ValveのSteam Machineを圧倒する高性能AMDミニPCが登場!ただしその性能、お値段もやっぱりお高め?
2026年07月10日 | #ゲーム #ハード・周辺機器 | Digital Trends Gaming
ValveがSteamOS 3.8を一般的なゲーミングPCで正式にサポートしたことで、新たなタイプのSteam Machineが登場しています。ユーザーはValveのハードウェアを購入することなく、自分だけのSteam Machineを構築できるようになりました。YouTuberのETA Prime氏による最新のベンチマークでは、高性能なAMD搭載ミニPCが、Valveがこれから発売するSteam Machineを大きく上回る性能を発揮することが示されています。ただし、この性能向上にはかなりのコストがかかるようです。
AMDミニPCがSteam Machineを性能で圧倒
ETA Prime氏は、AMDのRyzen AI Max+ 395プロセッサーを搭載したミニPCにSteamOS 3.8.14をインストールし、その性能を検証しました。Ryzen AI Max+ 395は、16個のZen 5 CPUコア、32スレッド、そして40個のRDNA 3.5演算ユニットを持つ統合型Radeon 8060S GPUを搭載しており、ValveのSteam Machineに搭載される6コアZen 4 CPUと28個のRDNA 3 GPUを搭載したカスタムAMDプロセッサーよりも大幅に強力です。グラフィック性能を最大化するため、ETA Prime氏はシステムの共有メモリ96GBをVRAMとして割り当て、残りの31GBをシステムメモリとして使用しました。
実際のゲームタイトルで見る驚異的なフレームレート
テストはアップスケーリングなしのネイティブレンダリングで行われました。『Shadow of the Tomb Raider』では、Ryzen搭載システムが1080pで平均138 FPSを記録し、Steam Machineの118 FPSを上回りました。1440pでは103 FPS(Steam Machineは86 FPS)、4Kでは62 FPS(Steam Machineより41%向上)を達成しています。
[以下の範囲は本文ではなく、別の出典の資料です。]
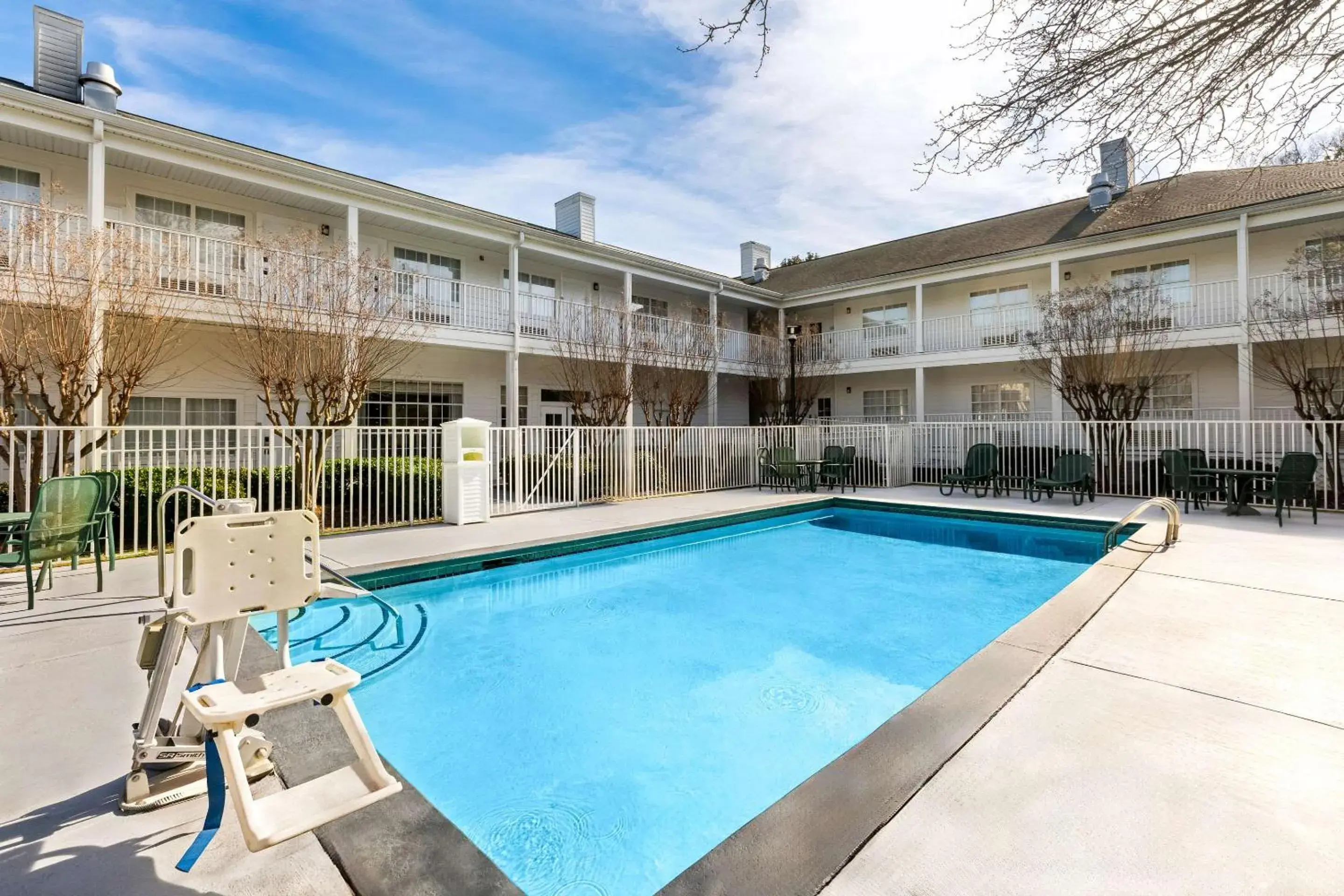 Swimming pool in Quality Inn Fayetteville Near Historic Downtown Square Swimming pool in Quality Inn Fayetteville Near Historic Downtown Square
『サイバーパンク2077』でも同様の傾向が見られ、ミニPCは1080pで平均84 FPS、1440pで52 FPS、4Kで27 FPSを記録し、Steam Machineの74 FPS、45 FPS、18 FPSをそれぞれ上回りました。『Horizon Zero Dawn Remastered』でも、AMDシステムは1080pで72 FPS、1440pで56 FPS、4Kで32 FPSを安定して記録し、Valveのハードウェアをリードしています。
高性能の代償としての価格差
今回のデモンストレーションで使用された構成は、Steam Machineの初期価格と比較して、およそ数倍の費用がかかるようです。15%から50%のフレームレート向上に対して、大幅に多くの費用を支払うことは、ほとんどのユーザーにとって正当化が難しいかもしれません。
より現実的な選択肢も存在
より現実的な選択肢として、Ryzen AI Max+ 395を搭載したGMKtec EVO-X2 AI Mini PCのようなシステムは、より手頃な価格で入手可能です。このモデルは64GBのLPDDR5Xメモリを搭載しているため、ETA Prime氏のテストで使用された96GBのVRAMを割り当てることはできませんが、この制限がゲームに大きな影響を与える可能性は低いでしょう。現在最も強力なコンシューマーグラフィックスカードでさえ、32GB以上のVRAMを必要とすることは稀です。
ValveはもはやユーザーにSteam Machineの購入を求めていません。互換性のあるハードウェアさえあれば、誰でもSteamOSを楽しめるようになりました。SteamOSが成熟し、特にNvidia GPUのハードウェアサポートが拡大すれば、ユーザーは単一メーカーに縛られることなく、自分だけのコンソールのようなゲーミングPCを構築する選択肢が広がるでしょう。